I have tried several things: with the googletrans API
1)naively try to do it
from googletrans import Translator
translator = Translator()
df["translated"] = df.apply(lambda row :translator.translate(row['name']).text,axis = 1)
Out:JSONDecodeError: ('Expecting value: line 1 column 1 (char 0)', 'occurred at index 1816997')
2) by resetting the API each time GoogleTrans API Error - Expecting value: line 1 column 1 (char 0) Using this link I ran this code: and I still have an error..
import copy
from googletrans import Translator
translatedList = []
for index, row in df.iterrows():
# REINITIALIZE THE API
translator = Translator()
newrow = copy.deepcopy(row)
try:
# translate the 'text' column
translated = translator.translate(row['name'], dest='en')

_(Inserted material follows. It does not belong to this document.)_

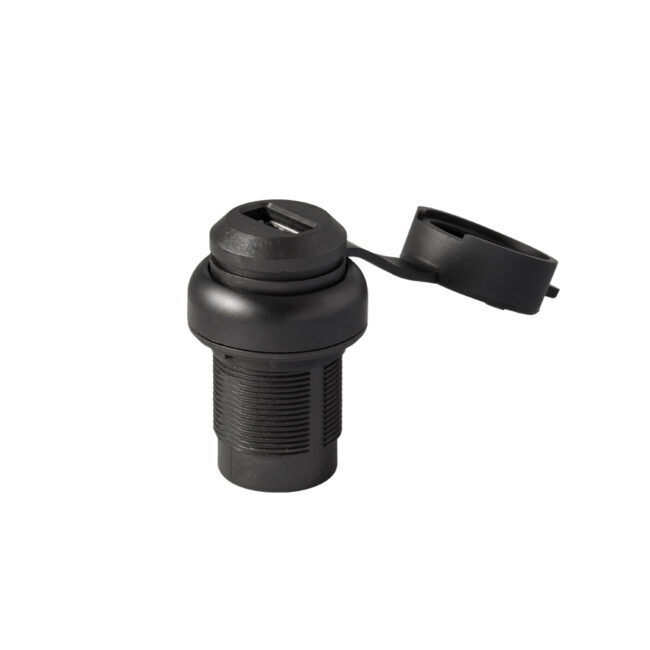 auxiliarycontrols-potentiometer-PP2USB20BL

newrow['translated'] = translated.text
except Exception as e:
print(str(e))
continue
translatedList.append(newrow)
Out: Expecting value: line 1 column 1 (char 0)
3) I also tried to bypass the limit of the google API by changing IPs.
test with vpn: does not work
import random
listofservers = ["South Africa", "Egypt" , "Australia", "New Zealand", "South Korea", "Singapore", "Taiwan", "Vietnam", "Hong Kong", "Indonesia", "Thailand", "Japan", "Malaysia", "United Kingdom", "Netherlands", "Germany", "France", "Belgium", "Switzerland", "Sweden","Spain","Denmark", "Italy", "Norway", "Austria", "Romania", "Czech Republic", "Luxembourg", "Poland", "Finland", "Hungary", "Latvia", "Russia", "Iceland", "Bulgaria", "Croatia", "Moldova", "Portugal", "Albania", "Ireland", "Slovakia","Ukraine", "Cyprus", "Estonia", "Georgia", "Greece", "Serbia", "Slovenia", "Azerbaijan", "Bosnia and Herzegovina", "Macedonia","India", 'Turkey', 'Israel', 'United Arab Emirates', 'United States', 'Canada','Mexico'
,"Brazil", "Costa Rica", "Argentina", "Chile"]
def SelectServer(l):
return random.choice(l)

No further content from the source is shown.